UNE MÉDITATION SUR FORZA DEL DESTINO au BAYERISCHE STAATSOPER, en STREAMING (avec Anja HARTEROS, Jonas KAUFMANN et Ludovic TÉZIER)

La vision (en streaming) de Forza del Destino de la Bayerische Staatsoper m’a fait un peu gamberger et méditer sur l’extraordinaire excitation provoquée par la présence de Jonas Kaufmann dans une distribution au sein du petit monde lyricomaniaque, et sur la valeur ajoutée que représente toujours la représentation d’un grand Verdi. Je ne résiste pas à écrire ces quelques lignes, jetées après ce moment vibrant vécu dans l’intimité de mon bureau et derrière mon ordinateur.

Saluons d’abord l’initiative de la Bayerische Staatsoper qui retransmet en direct et en streaming les productions phares de sa saison (prochaine représentation, La Clemenza di Tito, dirigée par Kirill Petrenko le 15 février 2014), beaucoup de mélomanes étaient accrochés à l’ordinateur hier soir, tant une Forza del destino si bien distribuée est rare : Jonas Kaufmann, Anja Harteros, Ludovic Tézier deviennent un trio inévitable pour ceux qui veulent entendre du beau chant, et notamment du beau Verdi.
Inévitable aussi la descente en flammes du Corriere della Grisi : comme d’habitude, appelant à la rescousse des enregistrements des années 10, 20, 30 du siècle dernier, et comparant ces chanteurs bien vivants à des artistes (disparus) éminents qu’ils n’ont jamais entendus dans les rôles dont ils édictent doctement les exigences, ils en ont conclu à la pire des exécutions de Forza del Destino entendue depuis 40 ans (« La peggior esecuzione di Forza del destino,  mai sentita in quarant’anni. »).
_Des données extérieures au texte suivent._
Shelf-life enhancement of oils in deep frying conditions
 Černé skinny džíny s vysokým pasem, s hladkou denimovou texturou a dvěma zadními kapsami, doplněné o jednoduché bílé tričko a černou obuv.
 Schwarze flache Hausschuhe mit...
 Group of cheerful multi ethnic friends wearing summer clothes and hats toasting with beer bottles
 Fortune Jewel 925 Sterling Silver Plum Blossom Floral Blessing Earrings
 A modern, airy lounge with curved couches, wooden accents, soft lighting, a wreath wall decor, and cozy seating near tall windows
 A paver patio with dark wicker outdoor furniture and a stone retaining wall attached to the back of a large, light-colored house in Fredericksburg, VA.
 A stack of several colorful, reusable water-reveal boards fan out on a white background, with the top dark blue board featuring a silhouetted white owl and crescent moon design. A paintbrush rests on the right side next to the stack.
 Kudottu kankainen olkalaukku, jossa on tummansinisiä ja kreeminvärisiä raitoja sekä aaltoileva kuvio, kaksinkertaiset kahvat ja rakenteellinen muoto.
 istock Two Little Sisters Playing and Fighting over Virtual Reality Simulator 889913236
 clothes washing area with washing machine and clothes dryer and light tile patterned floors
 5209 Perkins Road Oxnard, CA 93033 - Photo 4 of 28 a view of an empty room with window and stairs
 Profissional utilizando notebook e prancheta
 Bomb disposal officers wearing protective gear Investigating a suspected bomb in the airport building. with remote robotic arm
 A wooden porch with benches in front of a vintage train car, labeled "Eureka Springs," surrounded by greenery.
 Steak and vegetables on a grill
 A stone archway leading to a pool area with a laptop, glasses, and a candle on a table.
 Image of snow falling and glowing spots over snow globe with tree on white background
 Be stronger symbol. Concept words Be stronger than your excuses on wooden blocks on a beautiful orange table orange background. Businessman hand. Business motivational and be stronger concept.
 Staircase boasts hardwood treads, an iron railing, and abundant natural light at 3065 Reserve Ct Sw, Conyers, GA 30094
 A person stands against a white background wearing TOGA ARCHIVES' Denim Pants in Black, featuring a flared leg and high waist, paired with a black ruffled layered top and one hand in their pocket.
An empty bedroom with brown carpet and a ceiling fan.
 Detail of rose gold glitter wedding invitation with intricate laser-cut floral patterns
Le dernier mot de leur compte rendu: « inorriditi », horrifiés…Toujours modérés, les vestales de la Grisi s’autodétruisent rien qu’en écrivant. S’ils ne faisaient qu’écrire ! Mais ils guettent à la Scala, tels les murènes prêtes à mordre, le moindre malheureux chanteur qui se hasarde à chanter Verdi pour le huer copieusement (voir Beczala récemment). Alors, vous pensez, une Forza avec ces incapables que sont Tézier, Kaufmann et Harteros ! Si j’avais le temps et l’envie d’en perdre, je traduirais l’article injuste pour ne pas dire pire de celui qui se fait appeler Domenico Donzelli.
Leur problème n’est pas la justesse de leurs remarques, elles sont assez pertinentes pour certaines, mais c’est leur agressivité, et leur aigreur: ils considèrent que les règles du chant sont gravées dans le marbre et interdites d’évolution et de modes et qu’ils en sont les gardiens. On sait ce qu’il en est des gardiens du Temple…Ils passent leur temps à attendre ce que l’opéra ne peut plus leur faire entendre. Et ils se vengent.
Or, comme tout art, le chant évolue, dans ses règles, dans ses contextes, dans son style. Et on ne chante plus aujourd’hui comme hier, on peut le déplorer, mais c’est un fait. Inutile de faire comme si on chantait mal aujourd’hui et bien hier. On chante en fonction des contextes du jour, de l’époque, et surtout des modes. L’Opéra, c’est un art vivant, vécu, direct, hic et nunc. L’opéra en disque, ou en boite, c’est autre chose.
Ainsi, comment chanter Verdi aujourd’hui, après les baroqueux, après la domination de la forme sur l’émotion, ou du moins après l’émotion née d’abord du respect des formes?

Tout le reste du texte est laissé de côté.